■ WHAT IS REQUIRED
Without copying any picture, transcribe exactly the lines of the data below from the one containing "Photo of Cute" through the one containing "A beautiful quiet".

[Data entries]
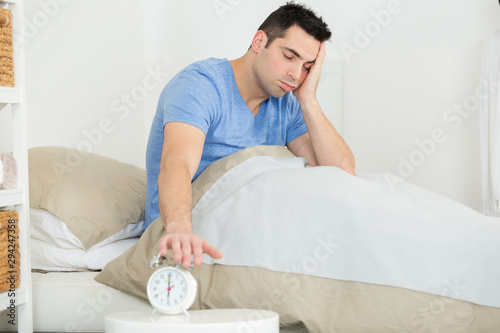 sleepy man in bed turning off his alarm clock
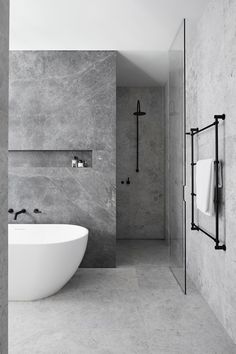 a white bath tub sitting in a bathroom next to a wall mounted shower faucet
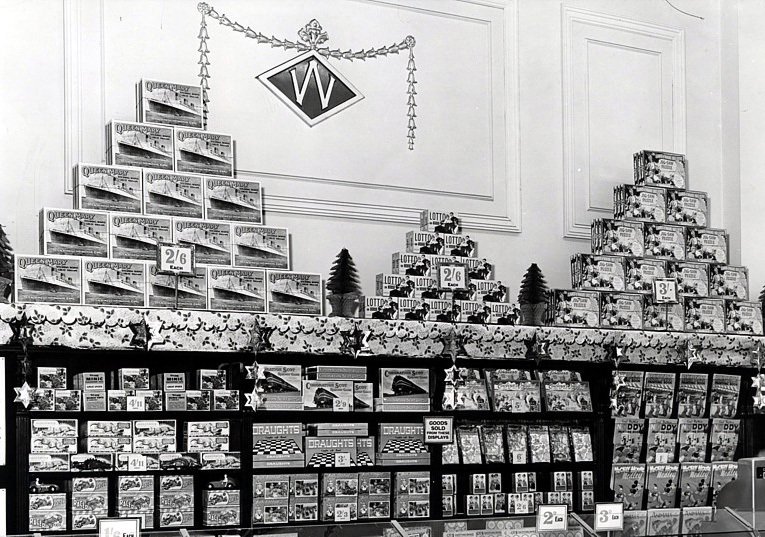 A model of the Steam Ship Queen Mary for two shillings and sixpence (12.5p), toy trains and board games all feature in this spectacular wall display at Woolworth's, Pontypool in Wales. The date: Christmas 1951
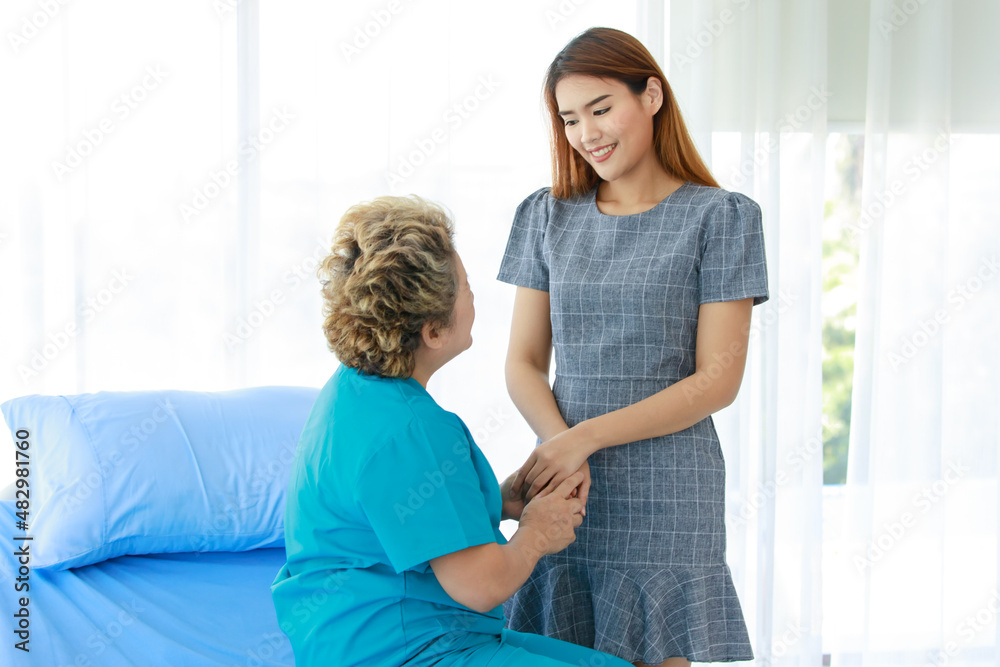 Old senior Asian happy healthy recovery mother patient in hospital uniform sitting smiling on bed while young woman daughter visiting standing holding hands with love and care in clinic wardroom Old senior Asian happy healthy recovery mother patient in hospital uniform sitting smiling on bed while young woman daughter visiting standing holding hands with love and care in clinic wardroom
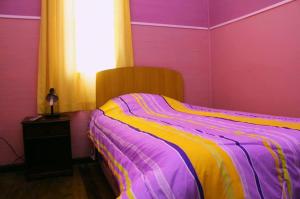 Cama rosa y amarilla en una habitación en Hospederia Taltal, en Taltal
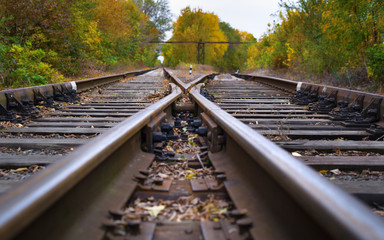 Rails to infinity.Hopeless post apocalyptic landscape. Cemetery of abandoned broken trains.
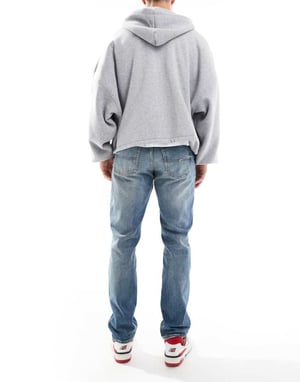 Tommy Jeans Ryan regular raka jeans i sliten mellanblå tvätt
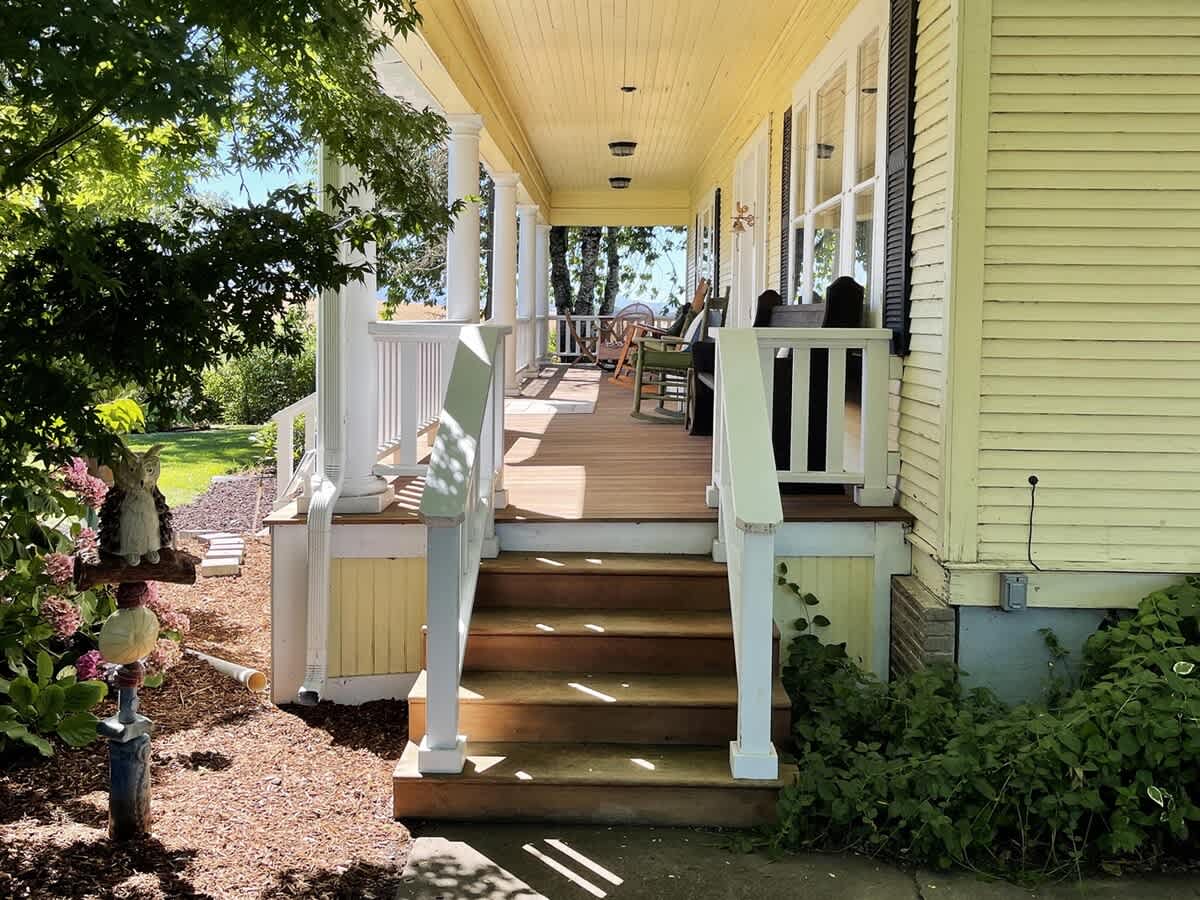 A side view of the expansive wrap-around porch, featuring white balusters, wooden flooring, and multiple seating areas, extending along the yellow-sided house under the shade of mature trees.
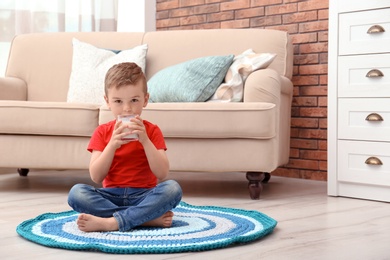 Photo of Cute little boy drinking milk on floor at home
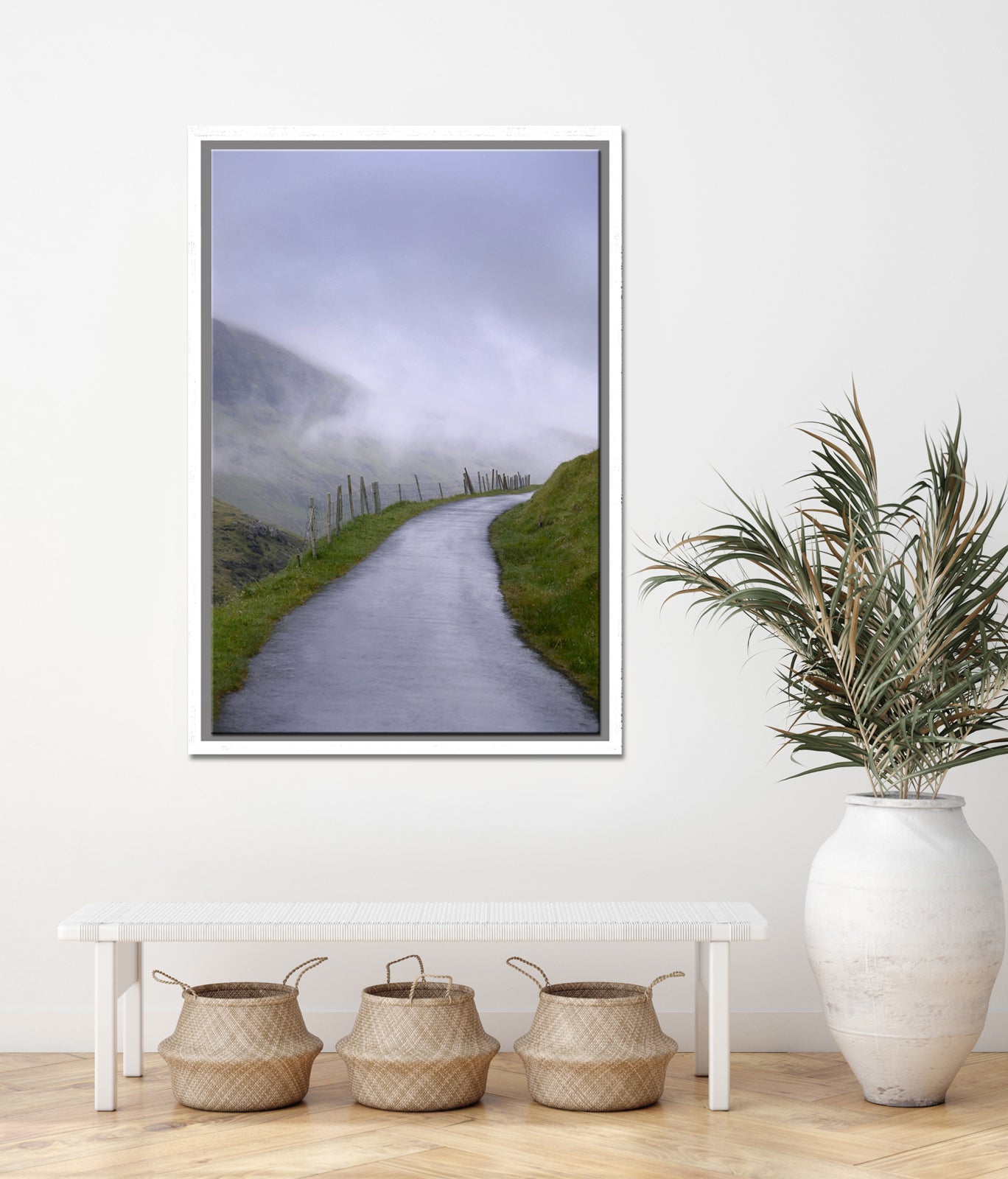 A beautiful quiet path along an old fence surrounded by fog in the Faroe Islands. Framed fine art photography by Kristen Olivares.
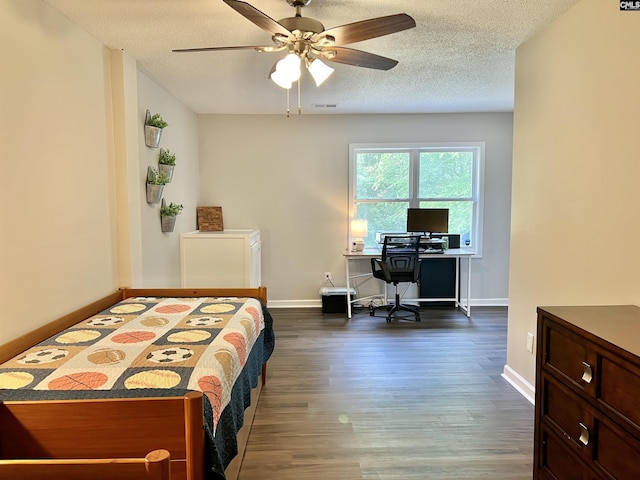 bedroom with ceiling fan, dark hardwood / wood-style flooring, and a textured ceiling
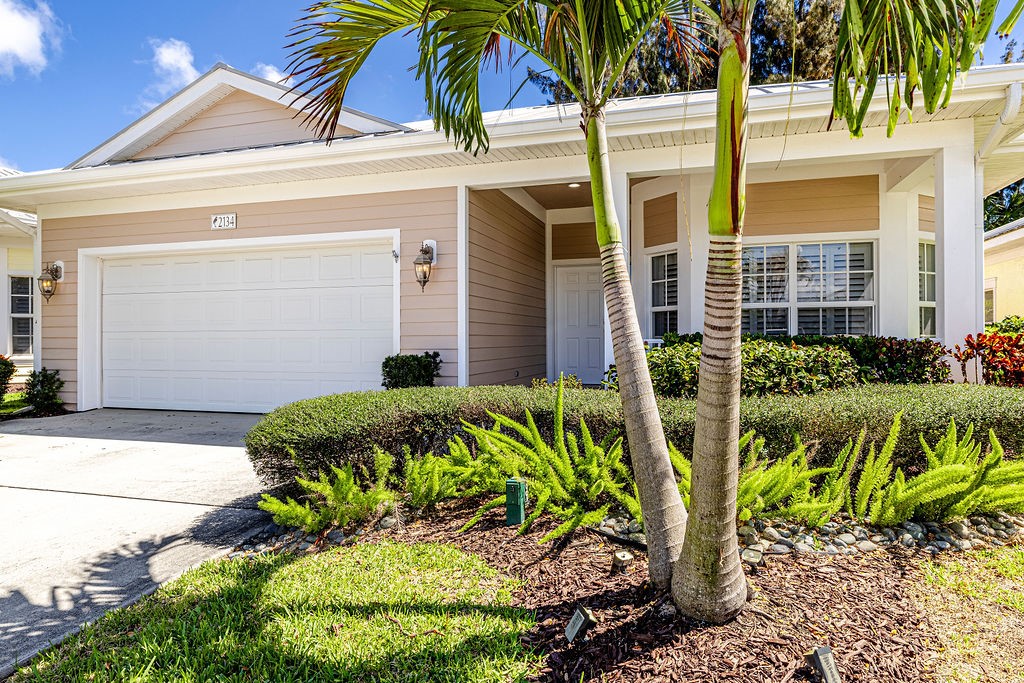 2134 Northwest Tilia Trail Stuart, FL 34994 - Photo 29 of 36 a front view of a house with a garden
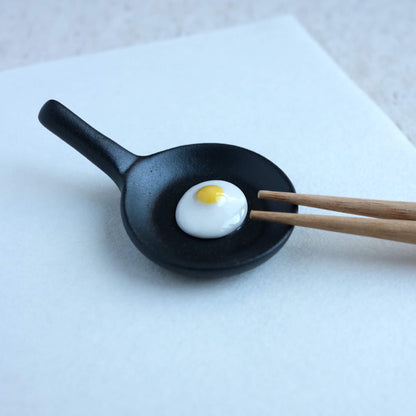 Chopsticks resting on a fry pan with egg chopstick rest.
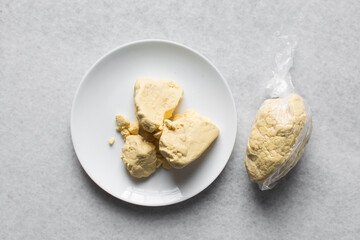 Overhead view of nigerian akamu or pap paste, process of making akamu, flatlay of process of making nigerian akamu ogi pap or corn pudding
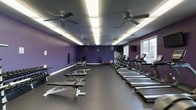 Located at 3800 Bostic Dr in Greenville, NC, this fitness center offers a well-equipped, single-floor workout facility designed to support a full range of exercise routines. The main workout area is generously sized, providing ample space for both cardio and strength training activities. The room is finished with durable dark rubber flooring, ideal for high-traffic gym use, and the walls are painted in a bold, energizing deep purple that gives the space a distinctive and motivating atmosphere. A row of treadmills lines one side of the floor, offering dedicated space for cardiovascular workouts, while free weights, benches, and additional cardio machines are arranged throughout the room to accommodate a variety of fitness needs. Overhead, a series of ceiling fans are evenly distributed across the ceiling alongside bright panel lighting, ensuring consistent airflow and visibility throughout the space. A wall-mounted television is positioned for easy viewing during workouts. Natural light enters through windows along one wall, adding to the openness of the environment. The overall layout is clean, organized, and functional, making this fitness center a practical and well-appointed destination for exercise.
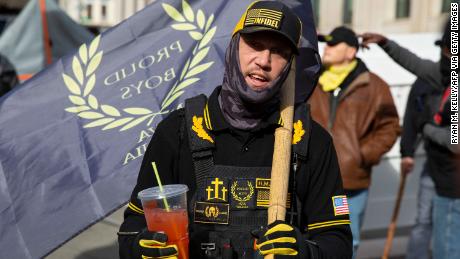 A member of the Proud Boys speaks to the media at a gun rights rally on Monday near the Capitol in Richmond, Virginia.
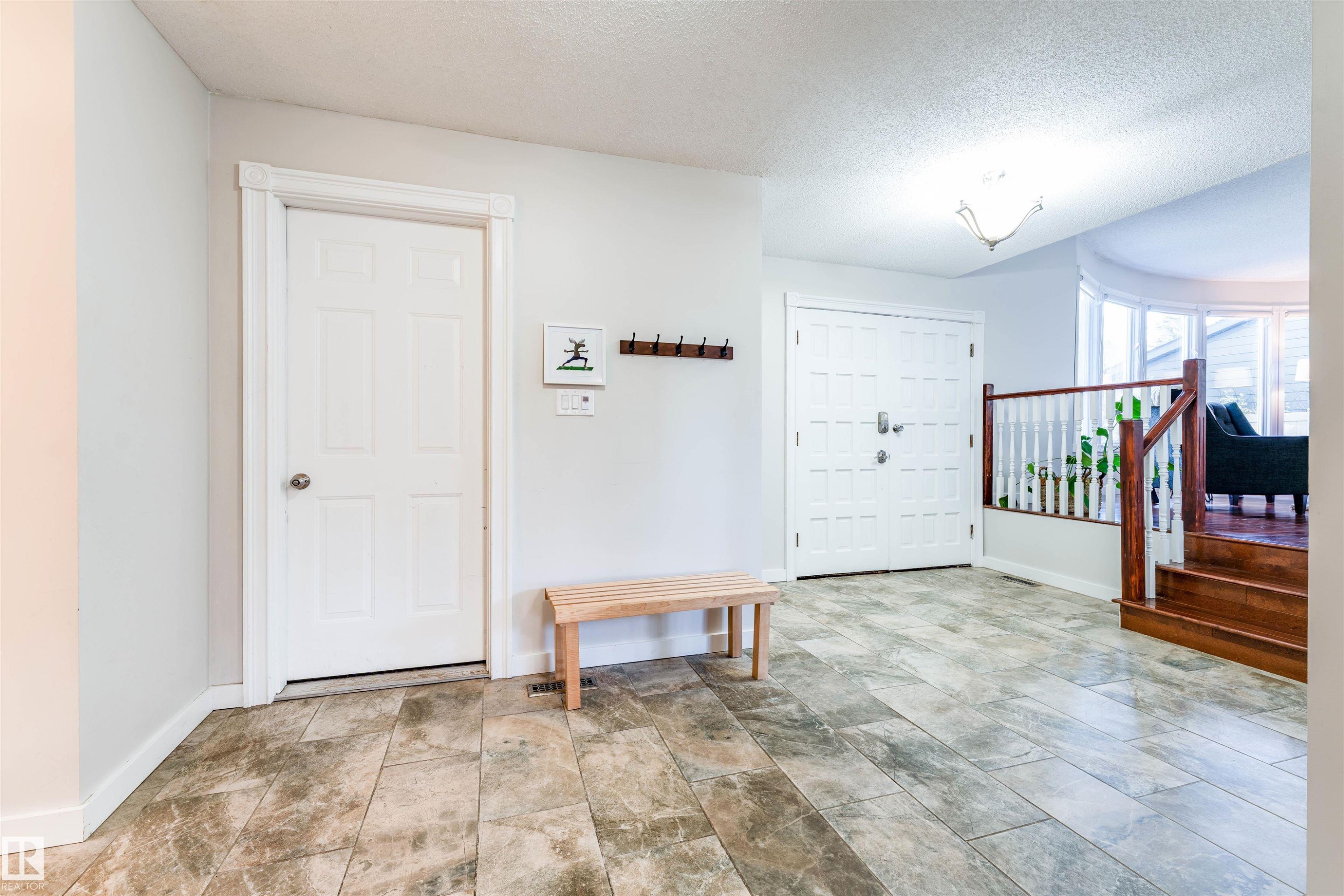 Large entryway featuring tile flooring and double entrance doors. - 5212 142 Street Nw, Edmonton, AB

■ RESPONSE TO THE TASK
 Photo of Cute little boy drinking milk on floor at home
 A beautiful quiet path along an old fence surrounded by fog in the Faroe Islands. Framed fine art photography by Kristen Olivares.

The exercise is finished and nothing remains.